Hi everyone,
With the sunsetting of LiteFS Cloud on the horizon , I’m in the process of migrating to Litestream + Tigris backup storage while continuing to use LiteFS with static leasing. However, I’ve encountered a few roadblocks. Currently, I can successfully replicate the database using only a single primary node, but I’m aiming to set up read-only replicas in different regions. Unfortunately, I’m running into the following error on any replica in regions other than the primary:
2024-10-09 17:11:14.425
time=2024-10-09T22:11:14.423Z level=ERROR msg="failed to run" error="ensure wal exists: disk I/O error"
2024-10-09 17:11:14.425
time=2024-10-09T22:11:14.423Z level=ERROR msg="error closing db" db=/litefs/my-db.db error="ensure wal exists: disk I/O error"
2024-10-09 17:11:14.417
level=INFO msg="fuse: write(): wal error: read only replica"
This error shows up after a new replica starts successfully, and the logs persist indefinitely.
Thinking through the issue, I suspect the problem lies in my litefs.yml
configuration. In the exec:
section, I’m currently using the following command:
- cmd: "litestream replicate -exec run-server"
based on the Fly.io LiteFS documentation, but since this command should only run on the primary node, I haven’t found a proper way to execute my app on replica nodes. I attempted something like this:
# If candidate, start server with replication using Litestream to S3
- cmd: "litestream replicate -exec run-server"
if-candidate: true
# If not candidate, just start the server
- cmd: "run-server"
if-candidate: false
But I don’t think if-candidate: false
is correct, because when deployed, the node always fails.

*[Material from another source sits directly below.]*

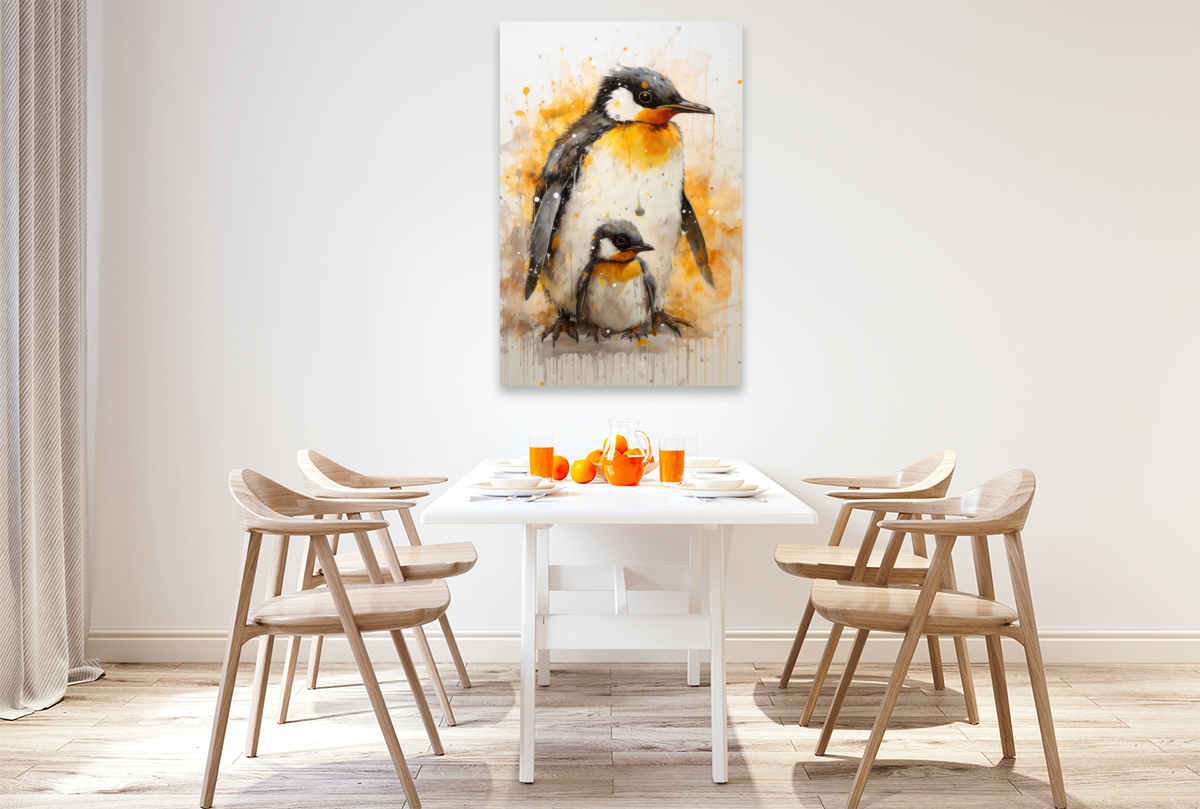 Niedliche Pinguinfamilie in Acrylfarbe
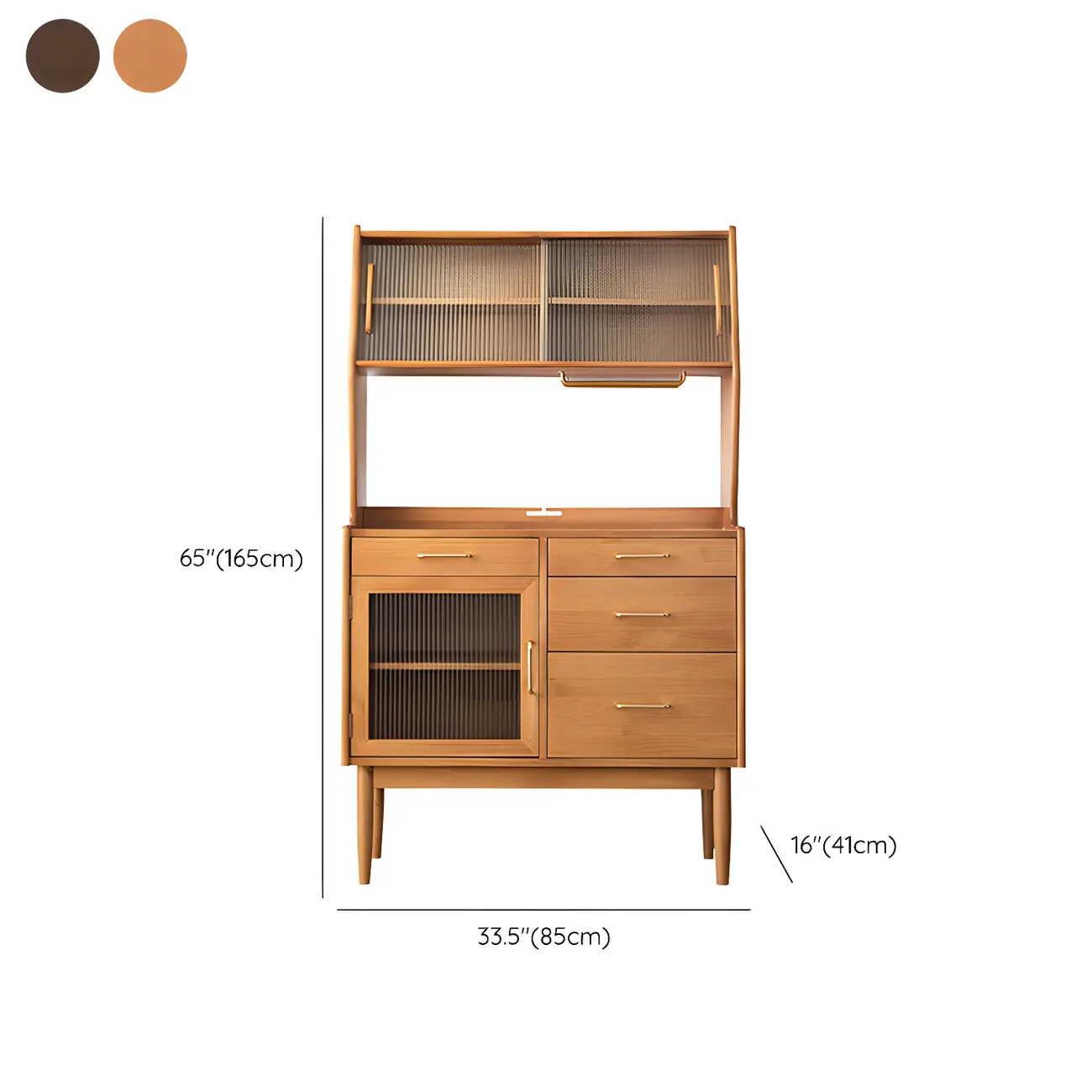 Retro Wooden Display Cabinet with Glass Doors for Kitchen #size | homeyfad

Is there a way to use the same LiteFS config for replicas, similar to how it was possible with dynamic leasing? Or how can I correctly solve this issue? Below is my full litefs.yml
configuration:
fuse:
dir: "${LITEFS_DIR}"
data:
dir: "/data/litefs"
exit-on-error: false
proxy:
addr: ":${INTERNAL_PORT}"
target: "localhost:${PORT}"
db: "${DB_URL}"
exec:
# Run migrations
- cmd: "goose -dir ${SCHEMAS_DIR} sqlite3 ${DB_URL} up"
if-candidate: true
# Set the journal mode for the database to WAL. This reduces concurrency deadlock issues
- cmd: "sqlite3 ${DB_FILE_URL} 'PRAGMA journal_mode = WAL;'"
if-candidate: true
# If candicate, start server with replication using litestring to S3
- cmd: "litestream replicate -exec run-server"
lease:
type: "static"
advertise-url: "http://${PRIMARY_REGION}.${FLY_APP_NAME}.internal:20202"
hostname: "${PRIMARY_REGION}.${FLY_APP_NAME}.internal"
candidate: ${FLY_REGION == PRIMARY_REGION}
promote: ${FLY_REGION == PRIMARY_REGION}